Time-aligned transcriptions with ELAN

class: center, middle, inverse, title-slide

# Time-aligned transcriptions with ELAN
### Bradley McDonnell
### 2020/10/08 (updated: 2020-10-08)

---

---
# Goals

1. Navigate ELAN files
  2. Produce/edit annotations in ELAN
  3. Create/edit tiers in ELAN
  4. Conceptualize/annotate your own recordings

![](img/ELAN256.png)

---
# What is a time-aligned transcript?

1. Time-aligned transcriptions match:
      - sections of text **(ANNOTATIONS)** to
      - pieces of audio and/or video recordings **(MEDIA)**
      
---
# What is a time-aligned transcript?

![](img/waveform1.png)
.pull-left[

|      |        |
|:-------------|:---------------|
| **Jack:**    | Hola.          |
| **Kristen:** | Hey!           |
| **Jack:**    | How's it going?|
| **Jake:**    | Good.         ||

]

.pull-right[
<audio controls>
<source src="audio/waveform-audio-1.wav" type="audio/wav">
</audio>

]

---
# What are some common time-aligned transcriptions?

1. closed captioning
  2. subtitles
  3. ...
  
---
# Why bother?

1. **Your language resources will be much richer!** Your resources ...
    * are searchable
    * are verifiable 
    * reinforce your language as a living language
    * match orthography to pronunciation
    * allow for the creation of other resources
    * ...

---
# what is ELAN?

### ELAN is a tool for producing time-aligned transcripts of audiovisual recordings.

* Developed & maintained by the Max Planck Institute for Psycholinguistics in Nijmegen. 
  * ELAN stands for **E**UDICO **L**inguistic **An**notator.
  * EUDICO stands for the **Eu**ropean **Di**stributed **Co**rpus Project.
  * It is developed alongside a number of other software tools that work in concert with ELAN (i.e., Arbil for metadata & Lexus for lexical databases).

---
# Why use ELAN?

### ELAN uses non-proprietary, standards-compliant output.
  * It uses **unicode** so that your fonts display correctly.
  * It uses **XML** so that your document is long-lasting and archive ready.
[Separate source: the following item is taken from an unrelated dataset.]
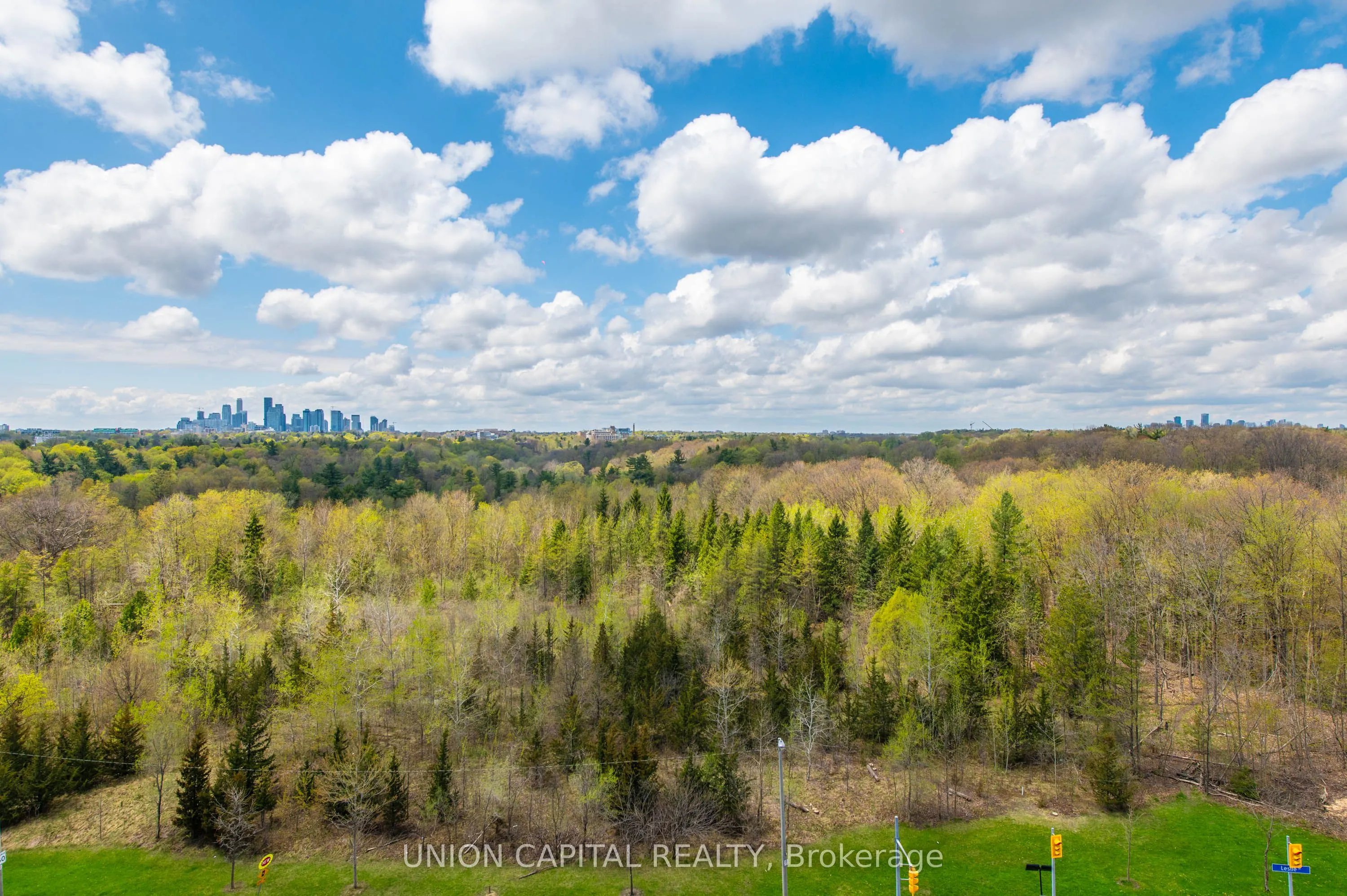 1101 Leslie Street, #806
It conforms to well documented XML schema and is human eyeball-readable.  
  * ELAN documents can be exported to a wide range of useful products for a wide range of audiences.        
    * ELAN can be exported as a subtitled video for communities.
    * ELAN can also be exported to Praat, FLEx, Subtitled text, etc. for linguists.

---
# How is ELAN better than a printed transcript?
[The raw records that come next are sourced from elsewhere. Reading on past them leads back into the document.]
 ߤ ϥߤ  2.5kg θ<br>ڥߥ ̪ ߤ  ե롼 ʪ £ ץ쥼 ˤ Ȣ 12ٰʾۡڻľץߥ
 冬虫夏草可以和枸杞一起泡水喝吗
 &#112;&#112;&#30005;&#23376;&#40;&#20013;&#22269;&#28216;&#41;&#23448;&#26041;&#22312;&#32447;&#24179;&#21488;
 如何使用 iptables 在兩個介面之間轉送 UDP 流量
* There are many uses for printed transcripts.
  * In the past, the printed transcript was considered the primary source:
    * Whatever the printed transcript could not capture was not included in the discussion.
    * An accompanying recording was just considered to be an added bonus.
  * In ELAN the text \& the recording are **unified**
    * This opens up a number of possibilities for research & learning.
  * The printed transcript is one of the many possible exports in ELAN.

---
# Some foundational concepts

To use ELAN effectively, you must understand:

1. Your own goals for the structure of your transcript.
  2. ELAN's built in concepts about different kinds of annotations.
  3. How your goals maps onto ELAN's concepts.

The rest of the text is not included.